Chemical Recycling of Plastics

1. Sustainability Problem: Waste/Recycling

Only 9% of all plastic waste produced since 1950 has been recycled, and unfortunately, the remaining plastics have ended up either in landfills, incineration systems, or left in the environment. Plastics are a major environmental problem because they can be become infinitely smaller over time, but never fully breakdown. Additionally, plastics are particularly harmful to the environment because of the chemicals they are made from; the toxins can harm wildlife and lead to further global warming.

2. Sustainable Technology: BioCellection- Accelerated Thermal Oxidative Decomposition

A California recycling tech startup has discovered a chemical process of breaking down polyethylene (PE) waste. The chemical process transforms the plastics into high market value chemicals that can be used in the manufacturing of new products. The process itself is called: Accelerated Thermal Oxidative Decomposition (ATOD). The company claims that ATOD is different from other chemical processes because it requires lower temperatures, generates less oil waste, requires less steps, and minimizes toxic waste and carbon emissions.

  • BioCellection uses a chemical process of breaking bonds between molecules through oxidation, in order to extract the resulting organic acids, such as glutaric acid, succinic acid, and adipic acid. These acids are considered intermediate chemicals, which can be used in “high-performance” materials in the manufacturing of electronics, cars, clothing, and more.
  • For every ton of plastic waste chemically processed, around $2,500 worth of “high performance virgin-quality” chemicals can be produced; each ton of plastic waste processed can prevent nearly 20 tons of carbon dioxide from being emitted.
  • Breaking down the low-grade PE takes around 6 hours, and the system uses temperatures of around 200 degrees Celcius. BioCellection claims that the process uses the same amount of energy needed to power a TV screen.
  • Chemical recycling is an alternative to the traditional mechanical recycling. Since there are billions of tons of plastic waste around the world, the process used by BioCellection may have the ability to help reduce global fossil fuel consumption within supply chains.
  • The ATOD process helps brands meet ambitious sustainability goals concerning supply chain management, and increase the marketability of the company. Furthermore, the by-product of the chemical breakdown offers manufacturers  high-quality chemicals for a cheaper price.

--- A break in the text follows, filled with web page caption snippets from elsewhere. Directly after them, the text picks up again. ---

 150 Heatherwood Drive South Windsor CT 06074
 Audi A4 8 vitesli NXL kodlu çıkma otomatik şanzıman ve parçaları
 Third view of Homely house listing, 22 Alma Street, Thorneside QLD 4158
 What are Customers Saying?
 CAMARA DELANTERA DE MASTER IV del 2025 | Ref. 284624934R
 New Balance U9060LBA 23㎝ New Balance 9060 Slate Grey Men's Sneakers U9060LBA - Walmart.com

*BioCellection recently became Novoloop, in an effort to expand the company’s product design and capabilities.

“BioCellection uses chemistry in plastic recycling” (, Living Circular

3. Stakeholders:

  • Residents
  • City governments
  • Manufacturing companies
  • Waste management companies  
  • Wildlife services

4. Technology Implementation:

1. The first step is for BioCellection to build relationships with local waste management companies, in order to extract plastic waste from collection bins.

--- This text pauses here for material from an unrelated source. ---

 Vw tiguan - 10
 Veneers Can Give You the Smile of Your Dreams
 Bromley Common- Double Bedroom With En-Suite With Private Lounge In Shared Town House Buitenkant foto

2. The company should also communicate with manufacturing companies that would be responsible for purchasing and using the chemical products that BioCellection produces.

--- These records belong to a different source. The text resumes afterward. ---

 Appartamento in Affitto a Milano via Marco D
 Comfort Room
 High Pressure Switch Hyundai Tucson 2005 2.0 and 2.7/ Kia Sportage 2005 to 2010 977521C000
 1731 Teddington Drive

3. BioCellection/Novoloop should perform annual environmental impact assessments, in order to continuously evaluate the environmental implications of the ATOD process.



2 thoughts on “Chemical Recycling of Plastics

  1. #dg3199

    Super cool post. What percentage of plastic waste is polyethylene waste? I wonder what sort of engagement model can be created such that companies that would utilize the chemicals could be “mandated” to do so. Perhaps there is some sort of price-fixing that could occur making this sort of recycled waste cheaper than their newly created or synthesized counterparts, effectively encouraging the private market to consume these recycled chemicals.


  2. This is a really exciting development. I feel like for a long time the infinite lifecycle of plastics in the environment has just been considered an inevitable reality, but there’s a lot of exciting work being done in finding other ways to dispose of and/or reuse plastic waste. I appreciated the article’s encouragement of new processes continuing to be developed, and how this solution in particular enables a circular economy when it comes to plastic usage – which will likely be a necessary approach to plastic consumption as completely phasing out plastic from our economy doesn’t feel plausible in the foreseeable future.